▸ Data shown
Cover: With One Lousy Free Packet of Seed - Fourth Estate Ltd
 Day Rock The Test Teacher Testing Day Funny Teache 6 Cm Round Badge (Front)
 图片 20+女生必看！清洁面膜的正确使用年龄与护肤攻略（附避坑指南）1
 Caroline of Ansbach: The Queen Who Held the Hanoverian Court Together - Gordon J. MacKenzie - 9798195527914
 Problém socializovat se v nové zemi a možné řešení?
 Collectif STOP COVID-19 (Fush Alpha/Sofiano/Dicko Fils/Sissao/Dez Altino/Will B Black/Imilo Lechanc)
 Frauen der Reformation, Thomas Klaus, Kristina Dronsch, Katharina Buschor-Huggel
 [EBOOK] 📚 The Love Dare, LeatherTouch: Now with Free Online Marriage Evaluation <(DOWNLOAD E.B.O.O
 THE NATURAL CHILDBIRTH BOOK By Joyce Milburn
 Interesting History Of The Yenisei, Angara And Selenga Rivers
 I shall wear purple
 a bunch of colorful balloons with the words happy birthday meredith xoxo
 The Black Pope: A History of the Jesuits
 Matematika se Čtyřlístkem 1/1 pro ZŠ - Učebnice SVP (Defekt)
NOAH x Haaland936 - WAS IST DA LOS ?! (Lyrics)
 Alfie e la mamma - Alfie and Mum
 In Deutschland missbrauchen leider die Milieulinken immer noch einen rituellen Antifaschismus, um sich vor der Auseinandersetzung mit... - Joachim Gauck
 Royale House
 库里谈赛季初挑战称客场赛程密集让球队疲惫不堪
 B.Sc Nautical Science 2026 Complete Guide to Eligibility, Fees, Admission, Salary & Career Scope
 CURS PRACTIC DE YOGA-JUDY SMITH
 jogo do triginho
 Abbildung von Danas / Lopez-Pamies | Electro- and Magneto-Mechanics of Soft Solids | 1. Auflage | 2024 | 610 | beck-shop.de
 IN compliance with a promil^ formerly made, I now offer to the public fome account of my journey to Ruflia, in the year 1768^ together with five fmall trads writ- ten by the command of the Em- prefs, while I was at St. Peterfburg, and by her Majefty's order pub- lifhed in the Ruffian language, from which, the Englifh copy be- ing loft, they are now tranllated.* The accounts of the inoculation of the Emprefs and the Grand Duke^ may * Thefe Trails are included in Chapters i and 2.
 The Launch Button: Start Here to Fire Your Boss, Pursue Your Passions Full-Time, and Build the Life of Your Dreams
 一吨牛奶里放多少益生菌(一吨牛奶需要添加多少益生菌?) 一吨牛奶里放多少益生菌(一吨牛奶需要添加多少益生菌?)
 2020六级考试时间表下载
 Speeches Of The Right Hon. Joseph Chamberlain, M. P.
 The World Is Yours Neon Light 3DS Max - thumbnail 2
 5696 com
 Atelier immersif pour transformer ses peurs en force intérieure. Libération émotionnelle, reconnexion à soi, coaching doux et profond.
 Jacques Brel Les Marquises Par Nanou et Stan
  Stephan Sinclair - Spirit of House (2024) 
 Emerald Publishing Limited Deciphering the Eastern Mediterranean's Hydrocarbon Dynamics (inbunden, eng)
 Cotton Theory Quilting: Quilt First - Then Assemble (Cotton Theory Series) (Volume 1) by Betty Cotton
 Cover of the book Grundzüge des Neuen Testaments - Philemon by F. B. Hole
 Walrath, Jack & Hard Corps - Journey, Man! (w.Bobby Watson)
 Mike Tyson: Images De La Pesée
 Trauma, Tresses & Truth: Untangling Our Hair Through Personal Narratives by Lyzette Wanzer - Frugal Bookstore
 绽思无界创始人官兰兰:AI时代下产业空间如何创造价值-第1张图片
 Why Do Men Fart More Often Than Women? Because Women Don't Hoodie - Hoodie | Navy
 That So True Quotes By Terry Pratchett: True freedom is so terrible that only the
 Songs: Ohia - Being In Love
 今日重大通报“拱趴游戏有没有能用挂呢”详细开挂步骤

▸ Work instruction
Only one stretch of the entries above is wanted: the lines from the one containing "I shall wear purple" through the one containing "CURS PRACTIC DE YOGA-JUDY SMITH". Please reproduce it exactly.

▸ Task output
 I shall wear purple
 a bunch of colorful balloons with the words happy birthday meredith xoxo
 The Black Pope: A History of the Jesuits
 Matematika se Čtyřlístkem 1/1 pro ZŠ - Učebnice SVP (Defekt)
NOAH x Haaland936 - WAS IST DA LOS ?! (Lyrics)
 Alfie e la mamma - Alfie and Mum
 In Deutschland missbrauchen leider die Milieulinken immer noch einen rituellen Antifaschismus, um sich vor der Auseinandersetzung mit... - Joachim Gauck
 Royale House
 库里谈赛季初挑战称客场赛程密集让球队疲惫不堪
 B.Sc Nautical Science 2026 Complete Guide to Eligibility, Fees, Admission, Salary & Career Scope
 CURS PRACTIC DE YOGA-JUDY SMITH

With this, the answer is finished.